The patient may assume a seated position throughout the procedure or lie down if necessary. The doctor sterilizes the skin around the insertion point and provides local anesthesia to numb the area.

Next, the doctor inserts a long, hollow needle called a cannula between the ribs, guided by ultrasound or CT scan images. The patient may experience a feeling of pressure, but the anesthesia usually blocks any pain. Once the needle is inserted, the doctor drains the pleural effusion until some or all of the fluid is removed, depending on the goal of the thoracentesis. The entire process takes about 15 minutes.

The doctor usually sends the extracted fluid to a lab for analysis (pleural cytology). After removing the needle and dressing the wound, the doctor often orders a chest X-ray as well to confirm enough fluid was removed and to ensure there is no sign of a collapsed lung.

Risks and Complications

While complications are rare, they can occur. The most common serious complication of the procedure is a collapsed lung, also known as pneumothorax. This can happen if the doctor accidentally punctures the lung or disrupts an accumulation of air in the pleural cavity.

Other possible complications include:

  • Bleeding (generally from injury to an intercostal vessel)
  • Pain
  • Infection
  • Diaphragm injury
  • Laceration to lung, spleen or liver
  • Tumor seeding (invasion of cancer cells along the needle track)
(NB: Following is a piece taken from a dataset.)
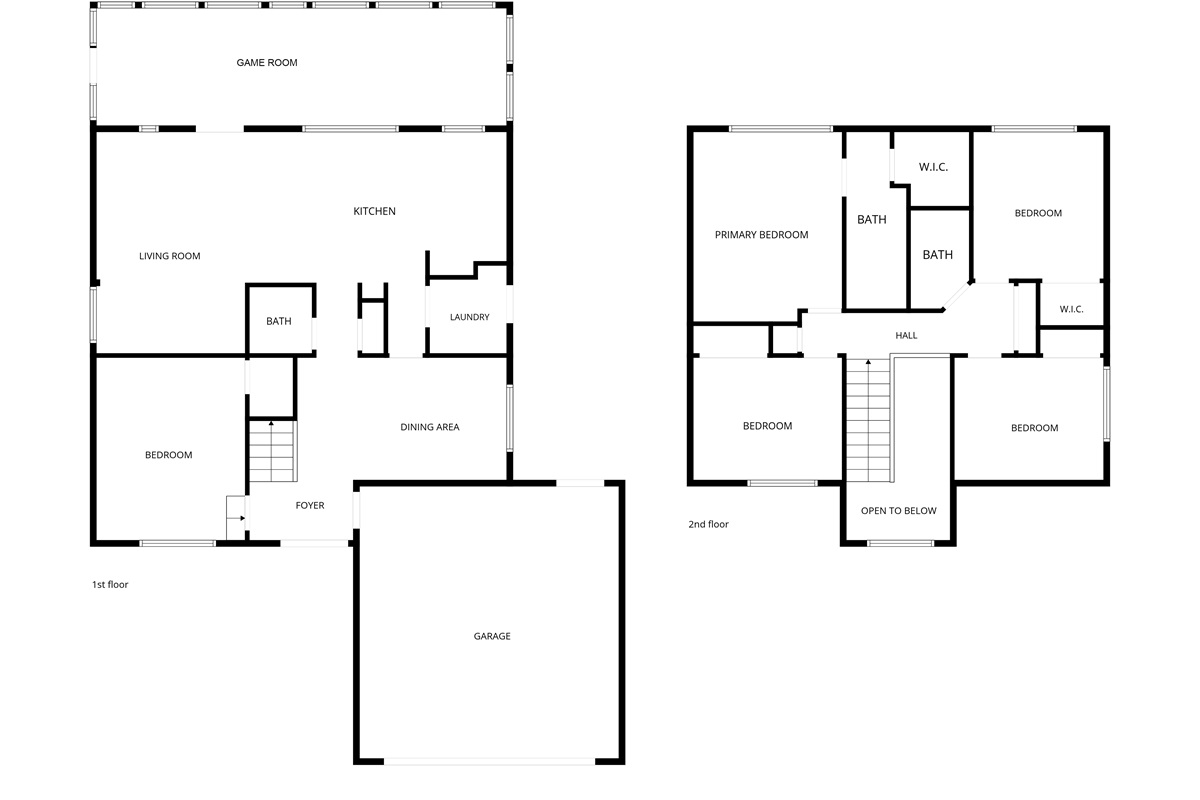 House floor plan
Complications are more common among certain groups of patients. Patients with a history of lung surgery face greater risks, as do patients with a chronic, irreversible lung disease such as asthma or emphysema. Patients with any condition that affects normal blood clotting may also face a higher risk of complications.
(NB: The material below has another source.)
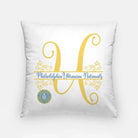 Ukrainian Nationals Monogram Pillow Cover 18" Pillow Covers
One 2010 study identified patients who would benefit most from thoracentesis while experiencing the lowest risk of complications. Out of 446 patients involved in the study, including a number of malignant mesothelioma patients, the incidence of pneumothorax was significantly lower in patients whose procedure was guided by an ultrasound.

Another factor that increased the risk of complications in participants was the presence of symptoms of their primary disease. Thoracentesis led to complications for only one asymptomatic patient (out of 328 total), yet 15 of 118 symptomatic patients developed complications.